== Work to be completed ==
Only the lines that hold "avec" should be in the answer, each copied from the data below.

Exercise materials START

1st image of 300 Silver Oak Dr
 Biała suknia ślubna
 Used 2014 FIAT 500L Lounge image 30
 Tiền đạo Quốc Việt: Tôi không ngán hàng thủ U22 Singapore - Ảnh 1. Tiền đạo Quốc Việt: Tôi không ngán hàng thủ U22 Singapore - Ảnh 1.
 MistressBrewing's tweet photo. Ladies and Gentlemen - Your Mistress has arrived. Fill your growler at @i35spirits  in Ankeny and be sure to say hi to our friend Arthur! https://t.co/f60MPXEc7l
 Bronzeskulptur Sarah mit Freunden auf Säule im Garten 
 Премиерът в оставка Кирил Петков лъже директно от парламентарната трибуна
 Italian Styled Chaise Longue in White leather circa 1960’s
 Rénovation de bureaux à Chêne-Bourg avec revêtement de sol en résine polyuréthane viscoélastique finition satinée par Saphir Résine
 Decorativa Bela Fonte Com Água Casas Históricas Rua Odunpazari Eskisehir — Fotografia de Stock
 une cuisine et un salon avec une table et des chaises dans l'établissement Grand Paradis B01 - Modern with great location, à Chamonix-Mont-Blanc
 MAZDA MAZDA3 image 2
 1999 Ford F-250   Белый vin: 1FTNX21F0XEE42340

Exercise materials END

== Your response ==
 Rénovation de bureaux à Chêne-Bourg avec revêtement de sol en résine polyuréthane viscoélastique finition satinée par Saphir Résine
 une cuisine et un salon avec une table et des chaises dans l'établissement Grand Paradis B01 - Modern with great location, à Chamonix-Mont-Blanc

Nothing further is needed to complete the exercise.